Background: Pulmonary arterial hypertension (PAH) has been linked to mutations in genes encoding two members of the transforming growth factor-β family, BMPR2 and ALK1, the latter of which is also associated with hereditary haemorrhagic telangiectasia (HHT). Relatively little is known about the genetics of childhood PAH, or about the clinical features of PAH in young patients with an ALK1 mutation.

Methods and Results: Three individuals diagnosed with PAH at 4, 16 and 17 years of age were found on subsequent genetic screening to have non-synonymous mutations of ALK1. All probands met criteria for HHT, although two presented with PAH before HHT was diagnosed. Extended family history revealed relatives with HHT in all three kindreds, a presumptive family history of PAH in two, one with multiple family members dying from PAH at young ages. All three patients in this series had systemic or suprasystemic right ventricular pressure and significantly elevated pulmonary vascular resistance, initially not responsive to oxygen and/or inhaled nitric oxide. All patients had pulmonary arteriovenous malformations and systemic arterial desaturation.

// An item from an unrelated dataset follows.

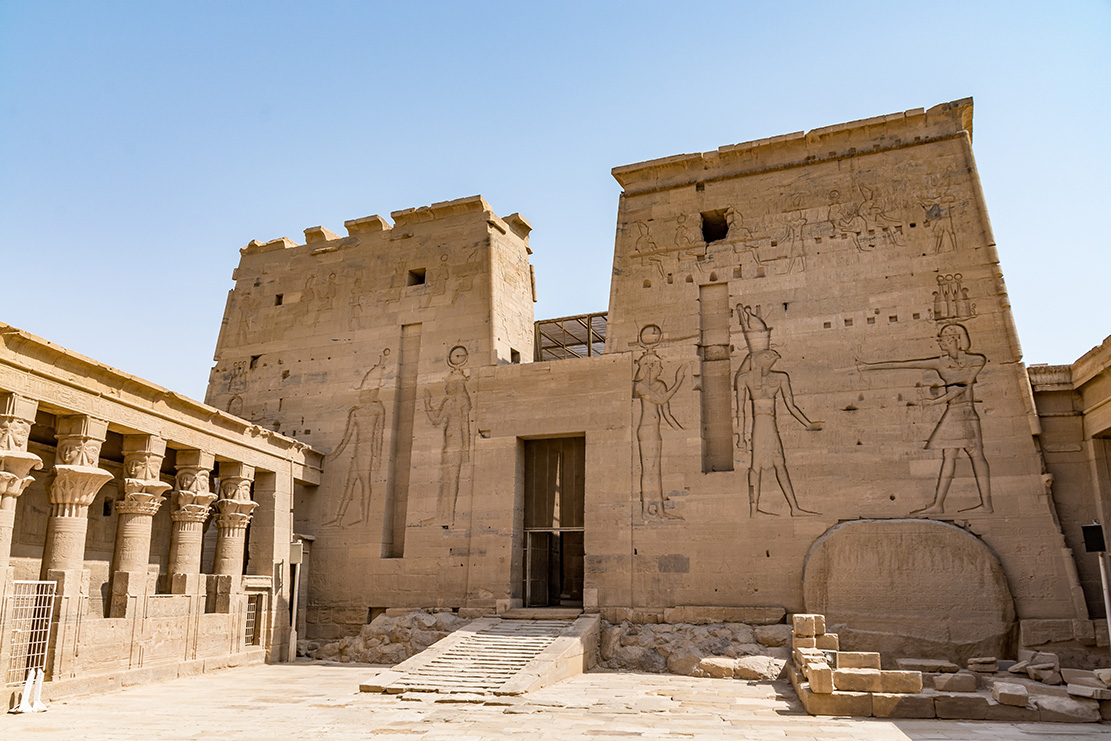 Luxor Private Tours to to Edfu and Kom Ombo Temple in Aswan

Conclusion: This report highlights ALK1 mutations associated with a variable PAH phenotype, including pulmonary arteriovenous malformations and severe PAH presenting early in life. Echocardiographic screening for elevated right ventricular pressure may be indicated in patients with HHT, particularly those with an identified ALK1 mutation. Clinical features or a family history of HHT should be elicited in children and adolescents with idiopathic PAH; ALK1 screening may be appropriate when such features are present.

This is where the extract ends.